Compliments must be extended to Dan Danenberg, who has become a legend in his lifetime for his mastery in top-shelf restorations. He has a stellar reputation for his work on mahogany runabouts, impeccable in their precision and attention to detail.
Danenberg is also well-known among ACBS members for his contributions to publications that include Classic Boating and The Rudder, as well as his live presentations at various ACBS chapter seminars. The Chesapeake Bay Chapter of ACBS invited Danenberg several years ago to speak at its annual boat festival held at the Chesapeake Bay Maritime Museum (CBMM).
I attended one of Danenberg’s presentations at the Antique Boat Museum (ABM) in Clayton, NY, a few years ago. This was a special symposium during the off-season that I attended with past-president Joe Gartner of the Mid-Atlantic chapter of ACBS. The event included talks, viewings, and lectures, in addition to touring the back boat storage buildings. ABM has always been one of my favorites—ideally located with a great view of the 1000 Islands on the St Lawrence River.
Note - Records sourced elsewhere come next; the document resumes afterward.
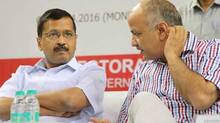 kejriwal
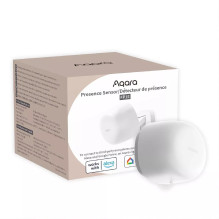 Aqara PS-S03D motion detector Passive infrared (PIR) sensor Wireless Ceiling / wall White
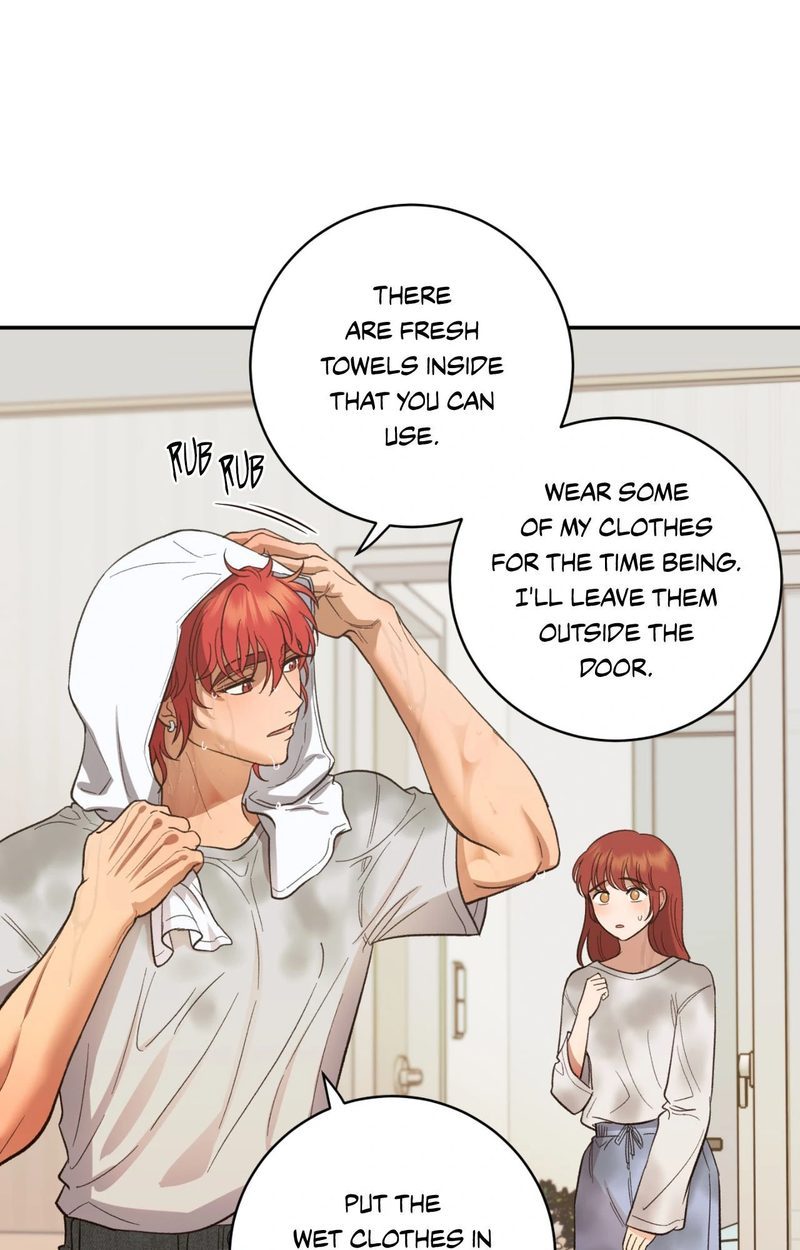 Hana’s Demons of Lust - Chapter 98 Page 91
And here’s the good news: You can enjoy the museum’s collections, exhibits, video tours, and the rich history of antique and classic boating from the comfort of your own home at abm.org.
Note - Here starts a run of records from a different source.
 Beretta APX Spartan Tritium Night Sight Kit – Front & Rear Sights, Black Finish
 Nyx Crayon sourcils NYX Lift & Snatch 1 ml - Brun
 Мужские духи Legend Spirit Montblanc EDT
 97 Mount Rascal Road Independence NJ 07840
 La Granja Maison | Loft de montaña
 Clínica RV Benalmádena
I learned a lot from Danenberg that day about planking, so it’s easy to see why he’s been so highly sought after during his career. Although his most recent and popular book, “The Complete Wooden Runabout Restoration Guide” (2008), is out-of-print, used paperback copies now sell for several hundred dollars on Amazon. Fortunately, there’s a kindle version available that you can download instantly for $20.
Speaking of planking, the Barrel Back runabouts are carvel-planked with a batten (a narrow strip of wood) screwed to each boat frame. Then the side planks are screwed to those battens. You can see the screw heads by sighting the round plugs along the finished planking.
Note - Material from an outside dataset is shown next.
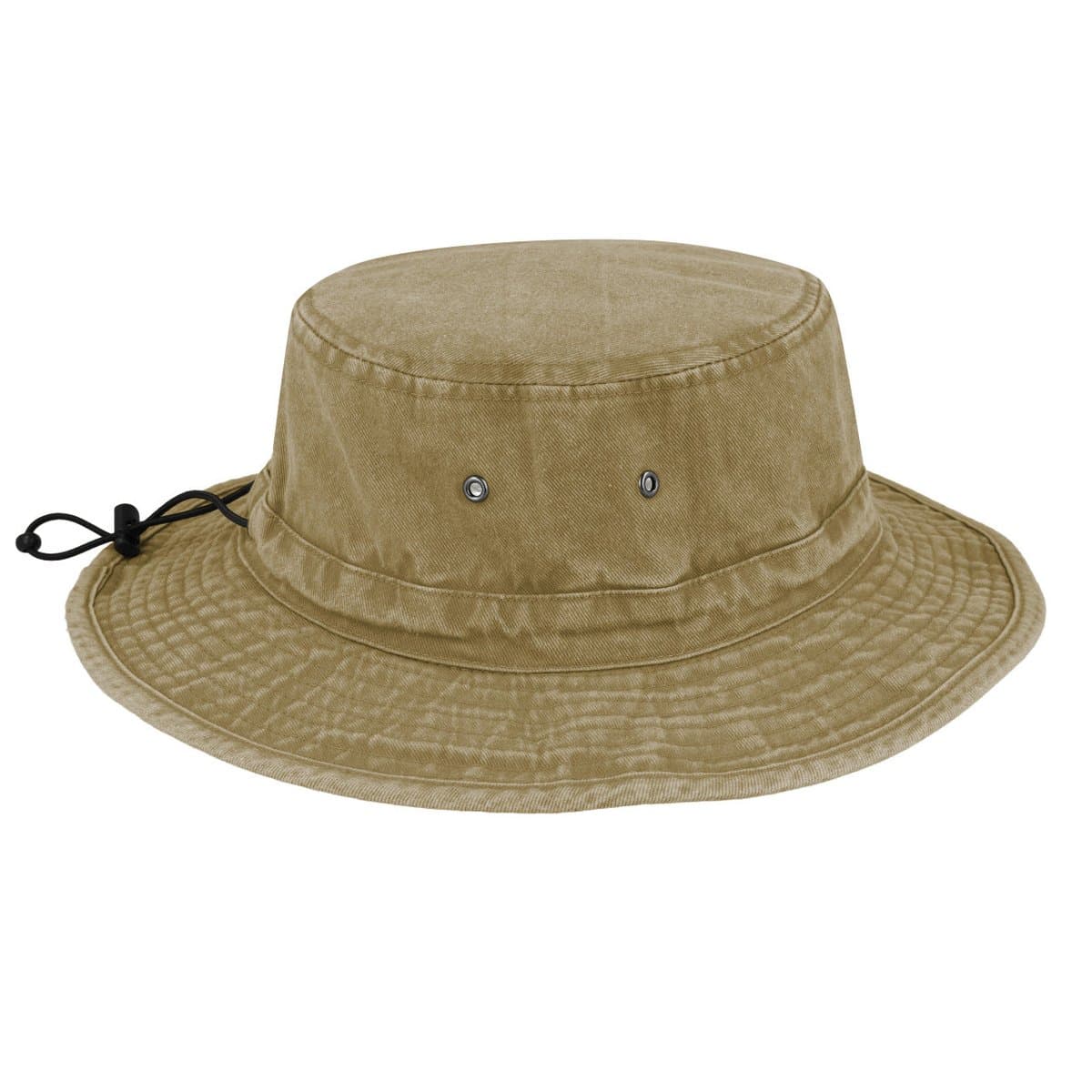 Max Wash Bucket Hat - Chocolate 14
The boat’s framing runs athwartships (across the boat), while the battens and planking run lengthwise. The sides are a single thickness of planking, reinforced by the battens at each plank seam. This planking method used by Chris-Craft is often called batten seam construction. The bottom has two thicknesses of planking with mastic-soaked canvas between them. Those original layers during a restoration are typically replaced with a 3M elastic double-plank “no soak” bottom.
The Barrel Back always turns heads and is instantly memorable for its unique profile. The popular 19-footers were built between 1939-42 for a total of 433 hulls.
To achieve that iconic transom, Chris-Craft had only absolutely top-notch craftsmen on that production line. In the late 30s, a lot of the details and instrumentation were still being built by hand, requiring even more highly skilled labor. Chris-Craft also included some special features for the driver and passengers in this model—in addition to that handsome transom—including its one-piece instrument panel. It also sports the folding windshield inspired in the Bugatti style.
If you’re a fan of Riva’s runabouts, you may have noticed some similarities. Carlo Riva was inspired by the Barrel Back roughly 20 years later when he designed and built what became his own iconic runabout: the very popular Aquarama. At the time, Hollywood fell in love with the Riva runabouts, and they appeared frequently in movies. Fast forward to today, when story lines are showcasing Chris-Craft’s Barrel Back, most notably as the boat that Mark Harmon’s character on NCIS has been building in his basement for years.